By choosing arbitrarily small values of $h$ this gives you infinitely many values of $t$ of arbitrarily small modulus such that ratio $(f(x+t) - f(x)) /t>\alpha' $ (why? If $\sup S>s$ then there are some members in $S$ definitely greater than $s$). Thus the collection $\mathscr{F} $ contains intervals of the form $[x, x+t] $ or $[x+t, x] $ depending on whether $t>0$ or $t<0$ and $\mathscr{F} $ is non-empty. Since there is an infinite supply of such $t$ with arbitrarily small modulus, it follows that $\mathscr{F} $ is a Vitali covering for $E_{\alpha} $.

I have to admit that the definition of upper derivative is somewhat difficult to decode and the proof in your book is very terse ("since $\overline{D} f(x) \geq \alpha$ on $E_{\alpha}$, $\mathscr{F} $ is a Vitali covering for $E_{\alpha} $"). Also the answer you have linked contains a wrong implication $(1)$. It also appears that there are many people who are facing problems with this particular proof.

On a closer inspection the definition of upper derivative as given in your post matches that of a limit superior $$\overline{D} f(x) =\limsup_{h\to 0}\frac{f(x+h)-f(x)}{h}=\limsup_{y\to x} \frac {f(y) - f(x)} {y-x} $$ and then the conclusion is obvious from the properties of $\limsup$.
Remember the two fundamental / defining properties of $\limsup$. If $M=\limsup_{x\to a} f(x) $ then


*

*for any number $A<M$ there are infinitely many values of $x$ arbitrarily close to $a$ such that $f(x) > A$. In order to make this even more confusing a number $A<M$ is written as $A=M-\epsilon$ where $\epsilon>0$. 
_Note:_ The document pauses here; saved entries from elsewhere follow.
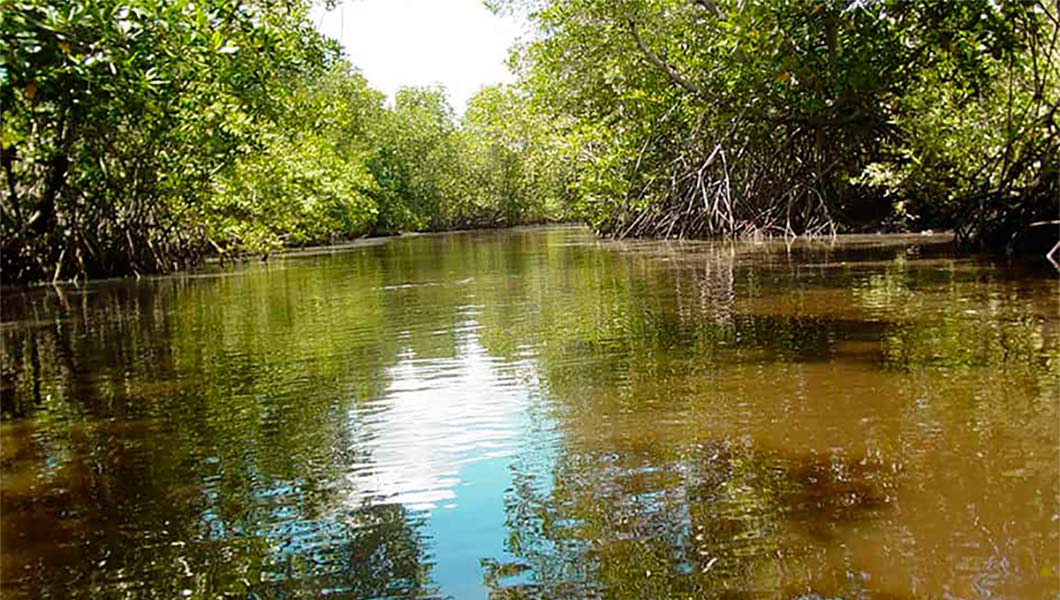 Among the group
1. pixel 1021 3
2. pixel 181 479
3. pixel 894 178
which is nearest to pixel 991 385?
pixel 181 479

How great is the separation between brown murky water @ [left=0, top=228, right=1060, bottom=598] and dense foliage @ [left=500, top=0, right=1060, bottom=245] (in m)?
5.09

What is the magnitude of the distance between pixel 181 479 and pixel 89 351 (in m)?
4.05

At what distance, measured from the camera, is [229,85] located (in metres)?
12.3

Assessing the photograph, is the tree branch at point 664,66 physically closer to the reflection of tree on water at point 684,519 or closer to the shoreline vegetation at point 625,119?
the shoreline vegetation at point 625,119

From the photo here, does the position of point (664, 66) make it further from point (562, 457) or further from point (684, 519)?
point (684, 519)

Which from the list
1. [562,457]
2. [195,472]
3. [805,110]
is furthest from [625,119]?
[195,472]

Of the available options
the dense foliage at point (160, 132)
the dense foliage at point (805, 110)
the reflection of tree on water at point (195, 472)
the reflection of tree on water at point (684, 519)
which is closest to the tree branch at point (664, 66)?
the dense foliage at point (805, 110)

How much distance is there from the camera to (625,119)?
2212cm

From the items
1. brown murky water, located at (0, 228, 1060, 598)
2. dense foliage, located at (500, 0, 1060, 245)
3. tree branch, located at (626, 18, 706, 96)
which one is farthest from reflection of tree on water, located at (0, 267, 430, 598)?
tree branch, located at (626, 18, 706, 96)

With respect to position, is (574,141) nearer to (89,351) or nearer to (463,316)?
(463,316)

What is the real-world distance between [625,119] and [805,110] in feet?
21.9

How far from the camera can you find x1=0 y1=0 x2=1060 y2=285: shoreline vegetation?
9.67m

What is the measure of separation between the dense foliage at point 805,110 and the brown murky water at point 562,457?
5.09m

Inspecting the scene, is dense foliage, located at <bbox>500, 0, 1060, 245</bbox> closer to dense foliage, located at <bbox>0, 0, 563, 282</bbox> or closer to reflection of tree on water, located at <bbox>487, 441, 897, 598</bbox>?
dense foliage, located at <bbox>0, 0, 563, 282</bbox> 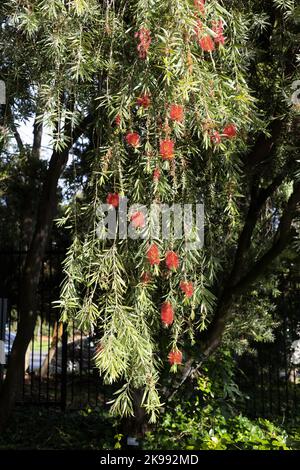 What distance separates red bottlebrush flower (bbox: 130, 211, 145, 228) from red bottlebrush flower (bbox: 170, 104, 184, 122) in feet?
1.31

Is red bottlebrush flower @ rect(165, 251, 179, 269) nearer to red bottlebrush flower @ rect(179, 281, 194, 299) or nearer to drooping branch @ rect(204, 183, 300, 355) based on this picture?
red bottlebrush flower @ rect(179, 281, 194, 299)

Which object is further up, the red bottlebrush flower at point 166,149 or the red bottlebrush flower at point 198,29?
the red bottlebrush flower at point 198,29

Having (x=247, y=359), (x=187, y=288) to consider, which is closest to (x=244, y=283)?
(x=187, y=288)

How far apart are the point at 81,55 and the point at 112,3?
1.39ft

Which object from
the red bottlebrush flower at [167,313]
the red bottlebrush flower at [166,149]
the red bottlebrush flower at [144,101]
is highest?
the red bottlebrush flower at [144,101]

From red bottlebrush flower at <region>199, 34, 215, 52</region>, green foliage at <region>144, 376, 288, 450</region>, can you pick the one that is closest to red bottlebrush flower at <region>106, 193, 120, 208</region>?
red bottlebrush flower at <region>199, 34, 215, 52</region>

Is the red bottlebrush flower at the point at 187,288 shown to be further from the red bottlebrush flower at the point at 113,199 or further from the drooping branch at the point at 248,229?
the drooping branch at the point at 248,229

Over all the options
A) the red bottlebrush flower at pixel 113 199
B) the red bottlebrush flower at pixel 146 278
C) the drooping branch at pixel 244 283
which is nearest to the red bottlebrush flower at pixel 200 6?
the red bottlebrush flower at pixel 113 199

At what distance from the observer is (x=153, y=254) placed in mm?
2076

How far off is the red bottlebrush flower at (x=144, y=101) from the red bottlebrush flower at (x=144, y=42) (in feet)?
0.52

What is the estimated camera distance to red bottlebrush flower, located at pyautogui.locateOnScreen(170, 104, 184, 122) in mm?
2062

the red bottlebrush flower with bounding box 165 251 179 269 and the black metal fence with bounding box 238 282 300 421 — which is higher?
the red bottlebrush flower with bounding box 165 251 179 269

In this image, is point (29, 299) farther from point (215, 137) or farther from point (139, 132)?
point (215, 137)

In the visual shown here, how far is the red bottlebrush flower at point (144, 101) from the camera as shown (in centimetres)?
217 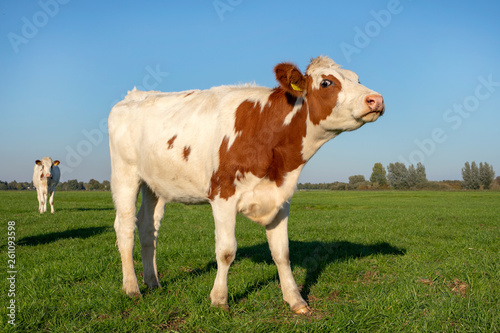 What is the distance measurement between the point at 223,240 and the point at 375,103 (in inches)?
89.1

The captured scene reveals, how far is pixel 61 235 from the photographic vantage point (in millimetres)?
11211

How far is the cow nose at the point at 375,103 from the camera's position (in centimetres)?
388

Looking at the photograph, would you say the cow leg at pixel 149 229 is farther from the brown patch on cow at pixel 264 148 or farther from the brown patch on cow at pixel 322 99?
the brown patch on cow at pixel 322 99

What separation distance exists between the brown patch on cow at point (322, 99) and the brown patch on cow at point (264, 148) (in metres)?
0.13

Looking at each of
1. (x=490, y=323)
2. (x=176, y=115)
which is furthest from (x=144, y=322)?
(x=490, y=323)

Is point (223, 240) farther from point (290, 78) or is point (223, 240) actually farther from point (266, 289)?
point (290, 78)

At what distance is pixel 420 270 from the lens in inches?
245

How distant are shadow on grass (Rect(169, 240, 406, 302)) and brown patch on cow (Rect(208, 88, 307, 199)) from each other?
1719mm

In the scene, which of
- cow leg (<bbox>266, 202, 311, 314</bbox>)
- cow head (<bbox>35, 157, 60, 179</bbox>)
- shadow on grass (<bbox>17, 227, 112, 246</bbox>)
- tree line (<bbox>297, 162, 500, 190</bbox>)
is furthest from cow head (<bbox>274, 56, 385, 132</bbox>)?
tree line (<bbox>297, 162, 500, 190</bbox>)

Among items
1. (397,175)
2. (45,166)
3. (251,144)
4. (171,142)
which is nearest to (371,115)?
(251,144)

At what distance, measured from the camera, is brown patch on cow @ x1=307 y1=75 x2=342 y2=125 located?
429cm

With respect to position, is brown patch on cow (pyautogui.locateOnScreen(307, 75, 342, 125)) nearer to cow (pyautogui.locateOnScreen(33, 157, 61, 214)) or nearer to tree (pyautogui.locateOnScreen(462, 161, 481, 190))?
cow (pyautogui.locateOnScreen(33, 157, 61, 214))

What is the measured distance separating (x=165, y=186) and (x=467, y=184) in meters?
148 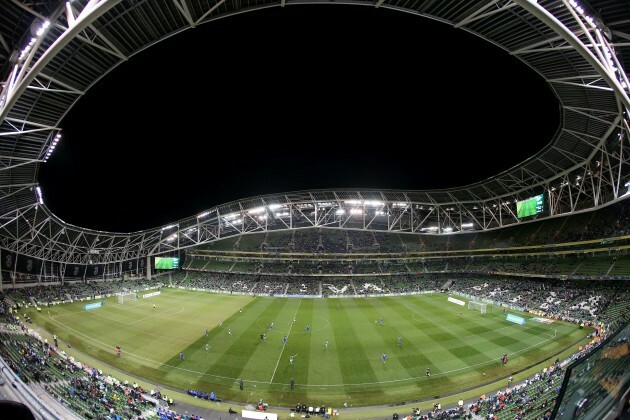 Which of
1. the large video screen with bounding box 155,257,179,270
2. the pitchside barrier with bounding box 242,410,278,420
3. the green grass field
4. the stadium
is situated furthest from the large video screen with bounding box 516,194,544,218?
the large video screen with bounding box 155,257,179,270

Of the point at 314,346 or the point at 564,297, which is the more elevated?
the point at 564,297

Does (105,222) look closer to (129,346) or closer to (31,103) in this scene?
(129,346)

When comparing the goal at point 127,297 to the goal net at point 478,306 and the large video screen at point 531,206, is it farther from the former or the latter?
the large video screen at point 531,206

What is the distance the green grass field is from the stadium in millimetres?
251

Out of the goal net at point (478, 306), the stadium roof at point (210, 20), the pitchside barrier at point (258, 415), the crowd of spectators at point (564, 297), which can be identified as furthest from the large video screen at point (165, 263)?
the crowd of spectators at point (564, 297)

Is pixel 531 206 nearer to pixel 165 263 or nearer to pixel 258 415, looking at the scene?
pixel 258 415

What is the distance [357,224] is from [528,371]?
47359mm

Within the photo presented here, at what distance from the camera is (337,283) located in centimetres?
5797

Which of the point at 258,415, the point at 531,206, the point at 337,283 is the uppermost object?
the point at 531,206

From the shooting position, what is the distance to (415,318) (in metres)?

*for any number $B>M$ we have $f(x) <B$ for all values of $x$ sufficiently close to $a$. A number $B>M$ is usually written as $B=M+\epsilon $ where $\epsilon>0$.


Some books try to replace "arbitrarily" and "sufficiently" using another number $\delta>0$.
For the current question one needs only the first property of $\limsup$.